_INPUT_
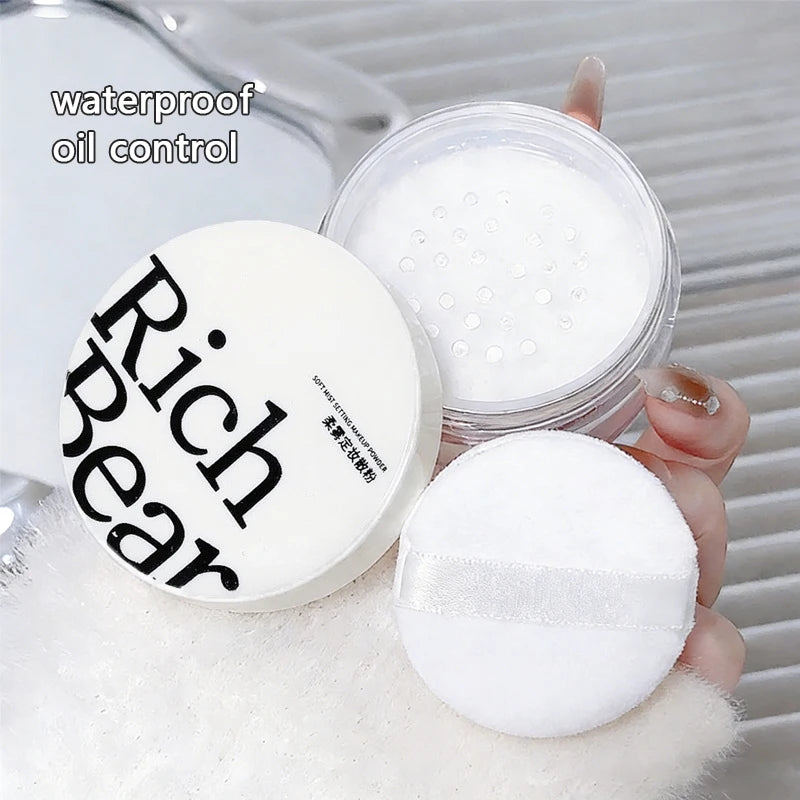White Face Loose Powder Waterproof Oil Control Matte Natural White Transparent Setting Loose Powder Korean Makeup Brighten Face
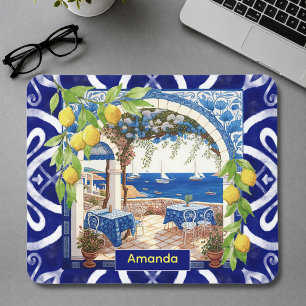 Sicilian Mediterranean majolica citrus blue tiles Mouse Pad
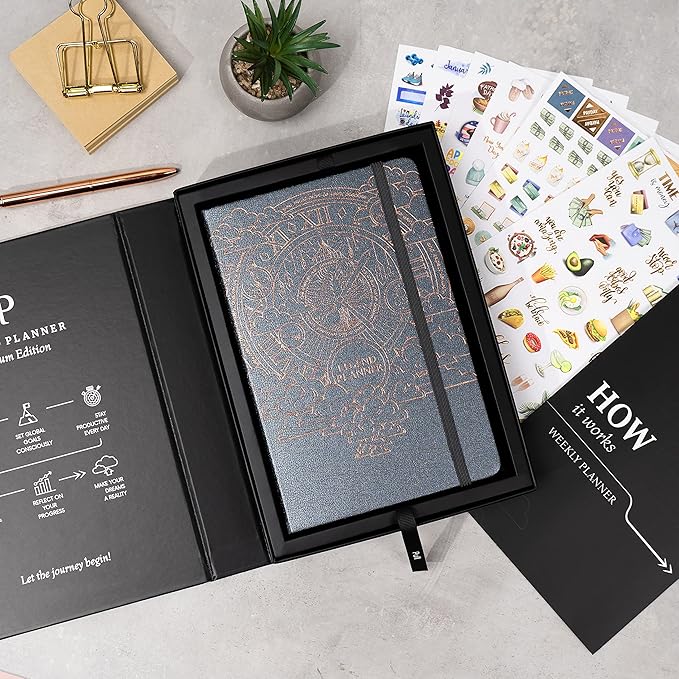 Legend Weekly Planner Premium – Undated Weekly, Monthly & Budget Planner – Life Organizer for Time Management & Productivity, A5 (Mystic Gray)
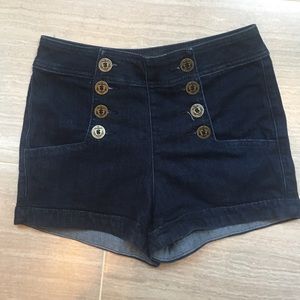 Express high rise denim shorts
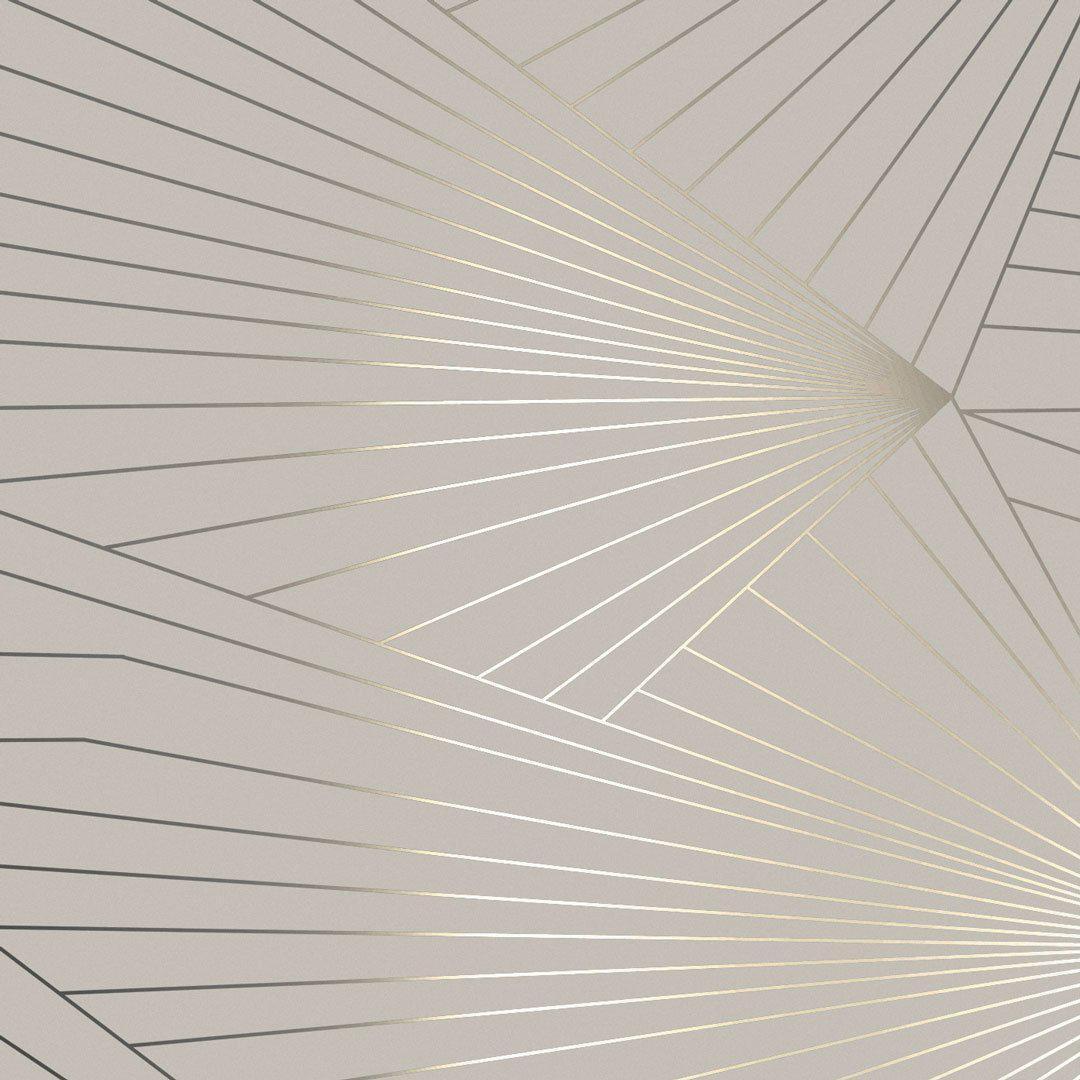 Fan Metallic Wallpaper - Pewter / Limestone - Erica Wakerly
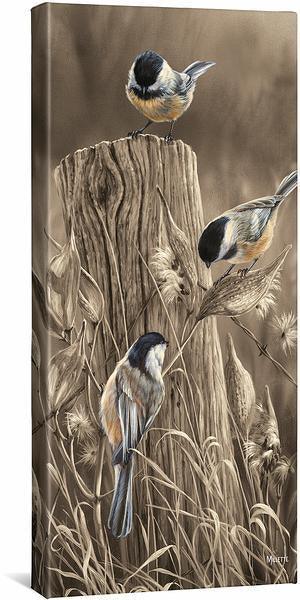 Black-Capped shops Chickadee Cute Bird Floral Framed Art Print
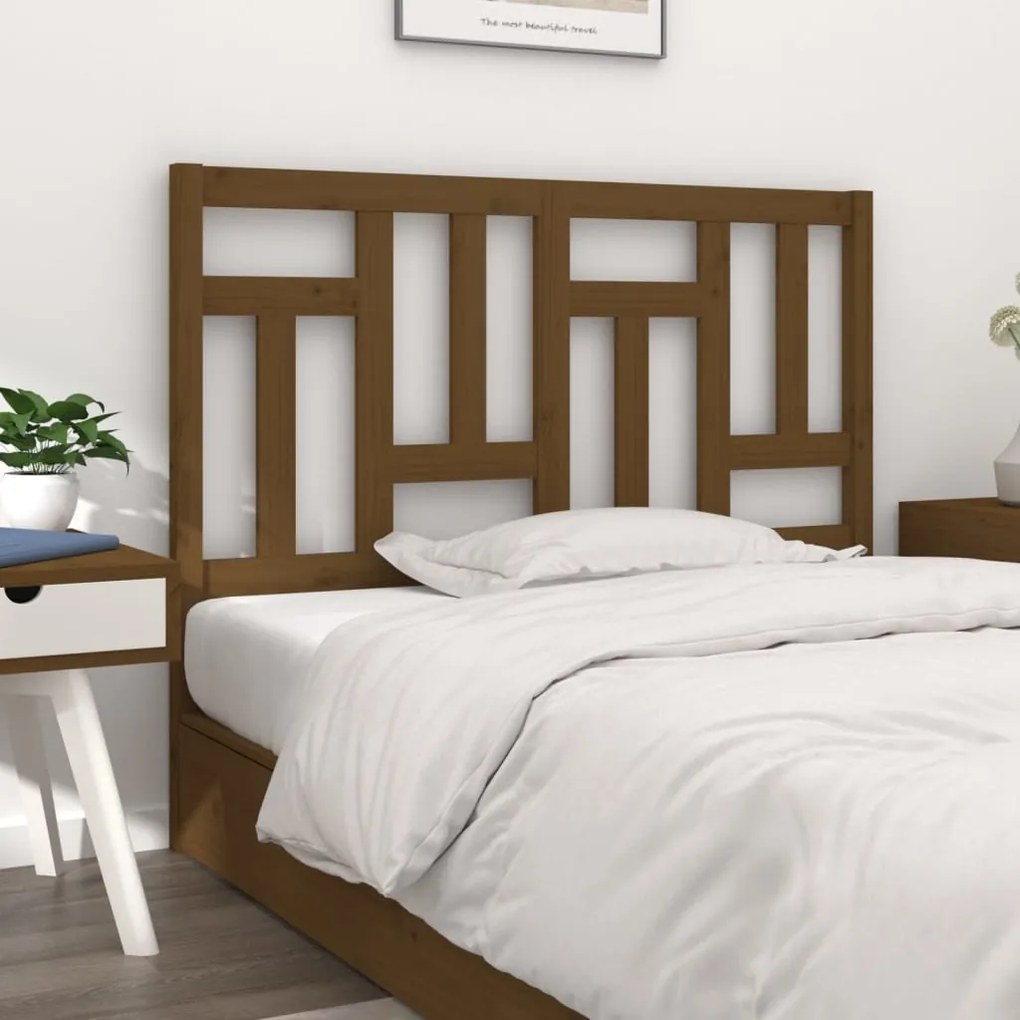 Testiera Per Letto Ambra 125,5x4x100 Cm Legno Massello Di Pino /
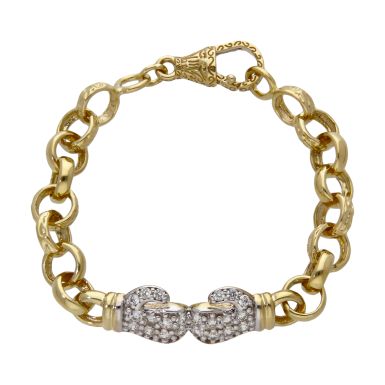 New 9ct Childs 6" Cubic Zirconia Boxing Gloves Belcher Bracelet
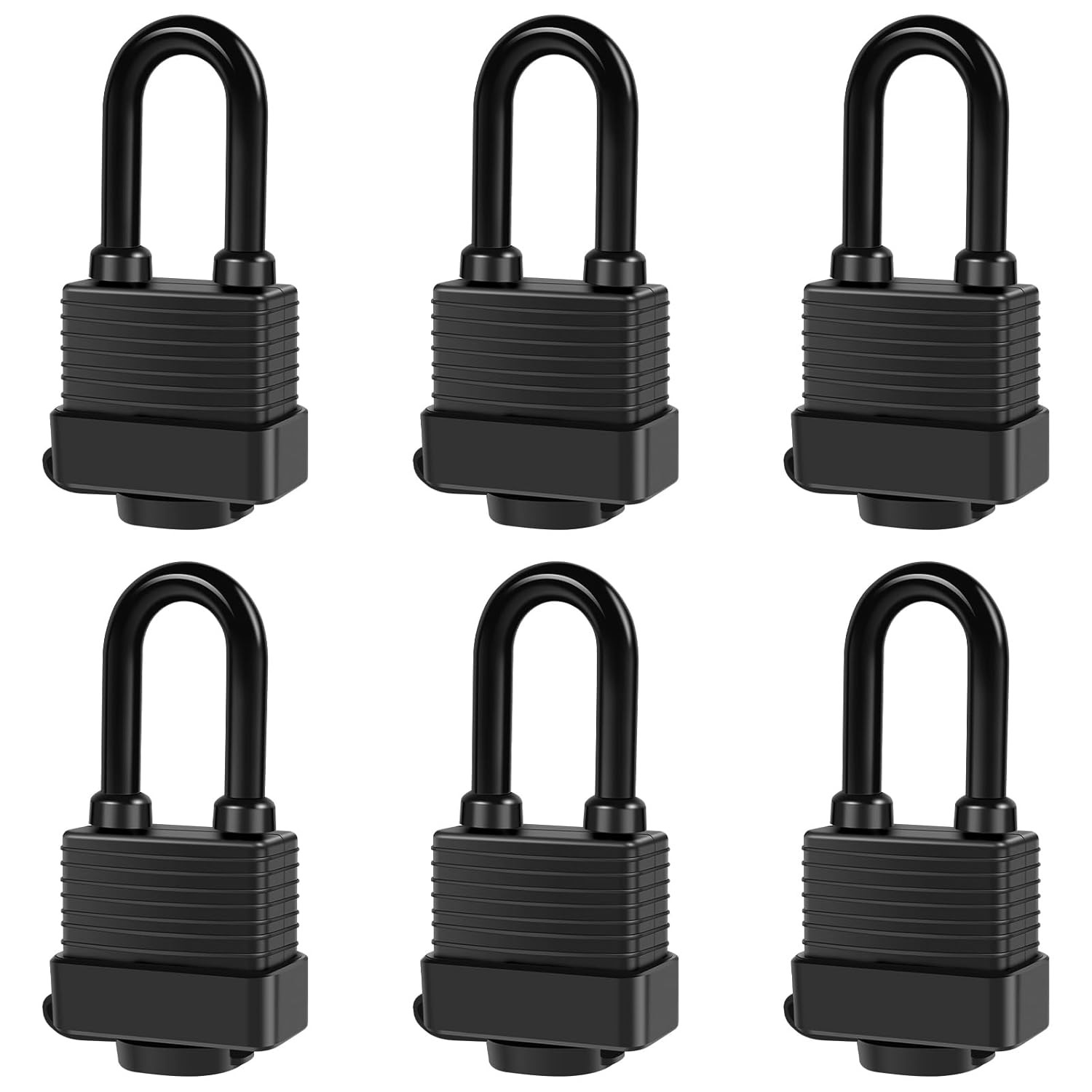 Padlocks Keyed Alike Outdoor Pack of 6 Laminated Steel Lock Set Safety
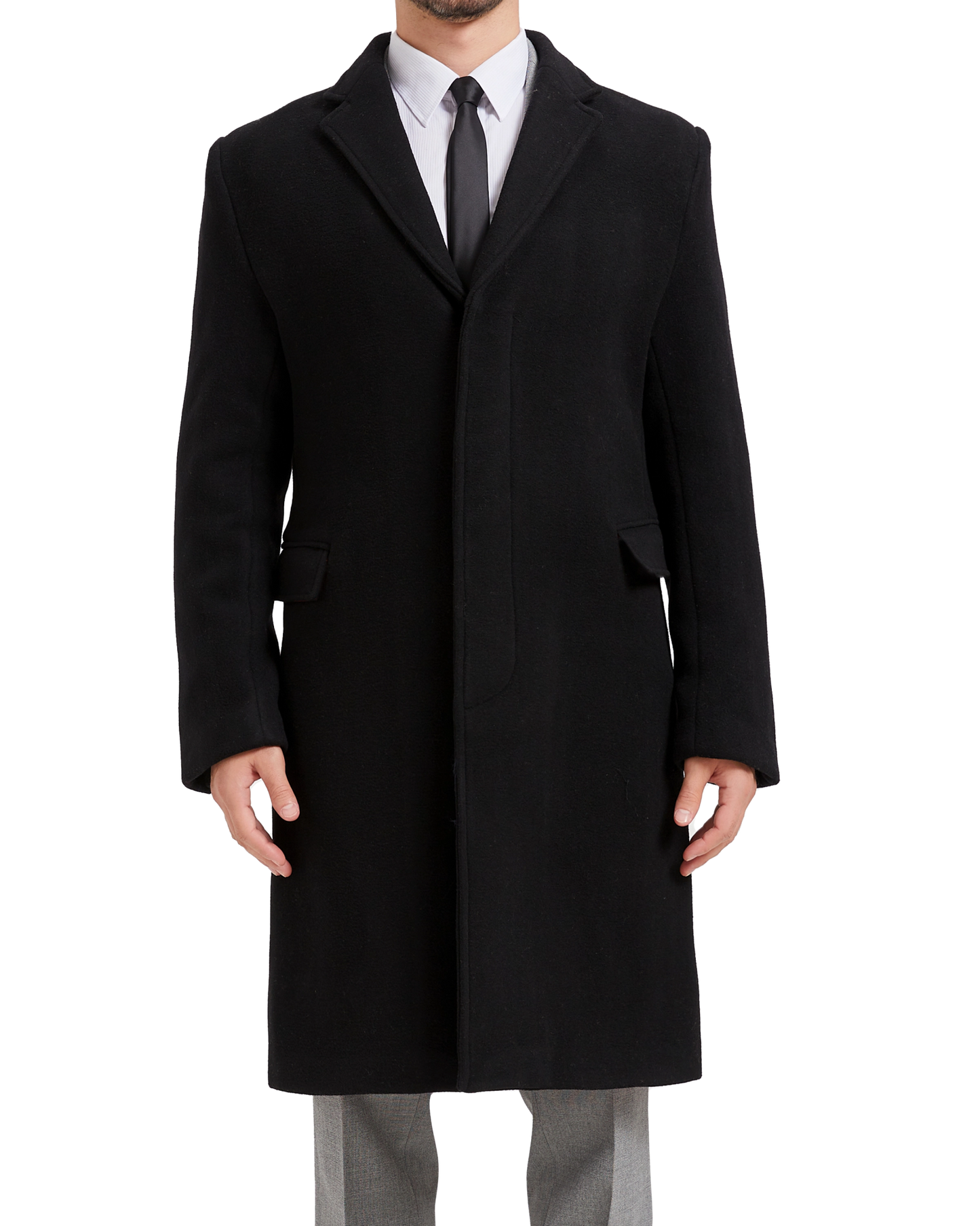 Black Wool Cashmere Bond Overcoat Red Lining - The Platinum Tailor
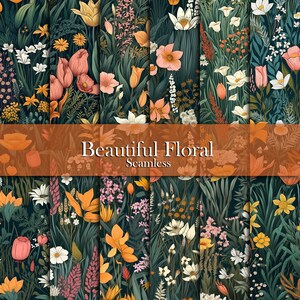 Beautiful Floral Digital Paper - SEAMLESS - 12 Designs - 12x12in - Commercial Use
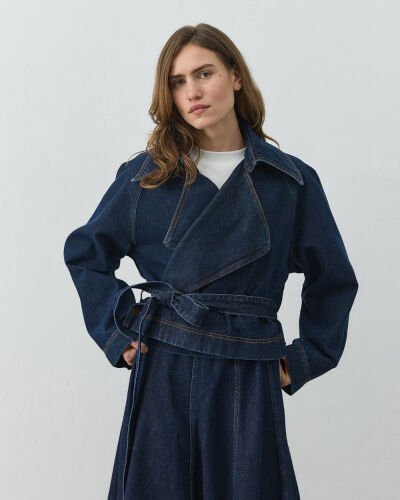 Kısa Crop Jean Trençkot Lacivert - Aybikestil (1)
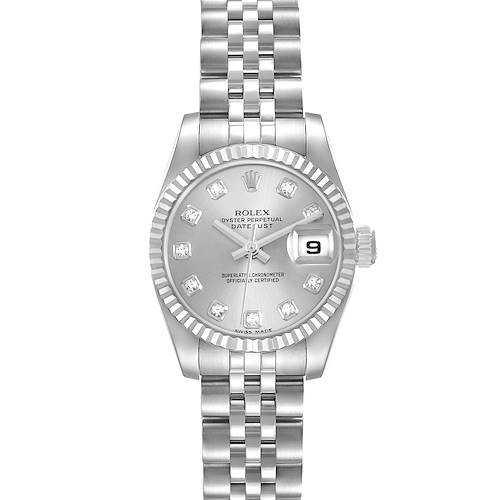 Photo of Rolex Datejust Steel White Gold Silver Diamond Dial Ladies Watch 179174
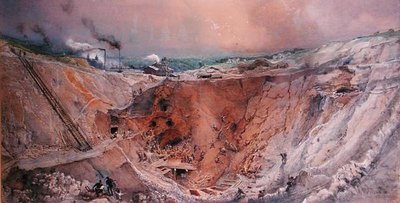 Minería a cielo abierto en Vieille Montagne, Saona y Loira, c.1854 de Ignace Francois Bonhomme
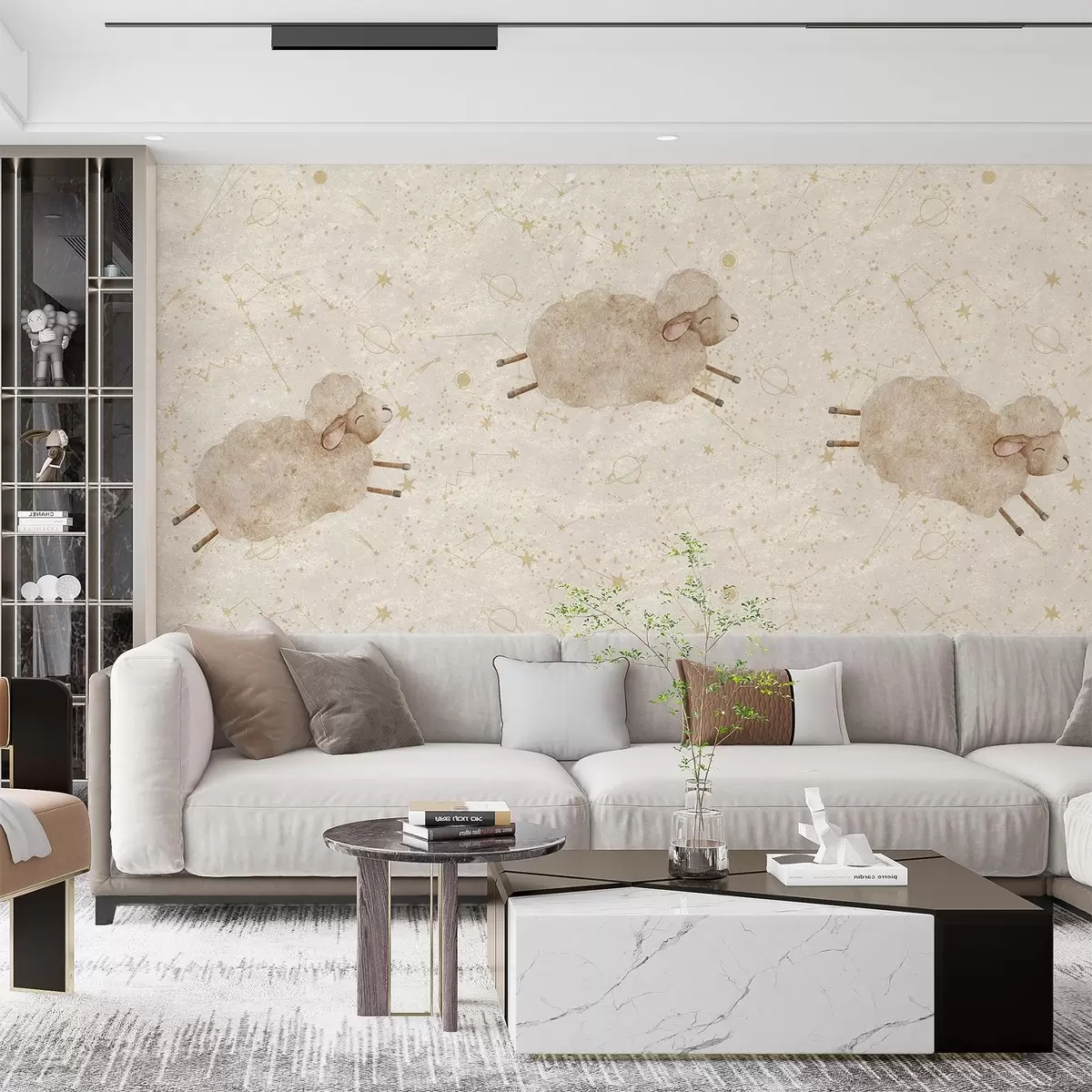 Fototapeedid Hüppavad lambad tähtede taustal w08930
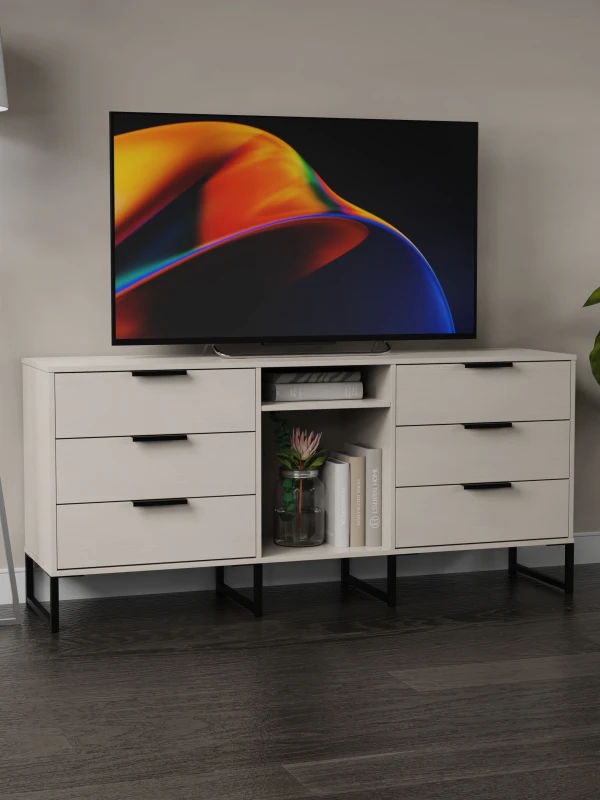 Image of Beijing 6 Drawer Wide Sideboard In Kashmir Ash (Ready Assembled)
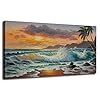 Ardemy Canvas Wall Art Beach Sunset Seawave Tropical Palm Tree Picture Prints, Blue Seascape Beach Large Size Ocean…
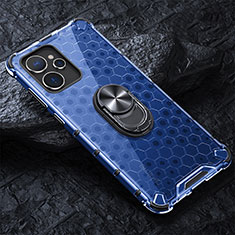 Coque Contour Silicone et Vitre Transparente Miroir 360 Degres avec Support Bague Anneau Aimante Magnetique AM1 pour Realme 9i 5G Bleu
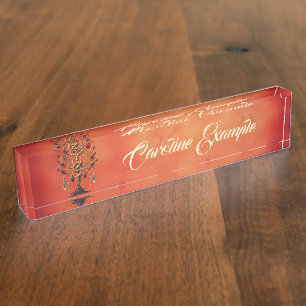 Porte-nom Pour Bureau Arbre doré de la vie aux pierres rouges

_BRIEF_
Beginning with the line that contains "Fototapeedid Hüppavad lambad", write out the remaining lines of the listing above through the last, exactly and only those, without pictures.

_RESPONSE BELOW_
 Fototapeedid Hüppavad lambad tähtede taustal w08930
 Image of Beijing 6 Drawer Wide Sideboard In Kashmir Ash (Ready Assembled)
 Ardemy Canvas Wall Art Beach Sunset Seawave Tropical Palm Tree Picture Prints, Blue Seascape Beach Large Size Ocean…
 Coque Contour Silicone et Vitre Transparente Miroir 360 Degres avec Support Bague Anneau Aimante Magnetique AM1 pour Realme 9i 5G Bleu
 Porte-nom Pour Bureau Arbre doré de la vie aux pierres rouges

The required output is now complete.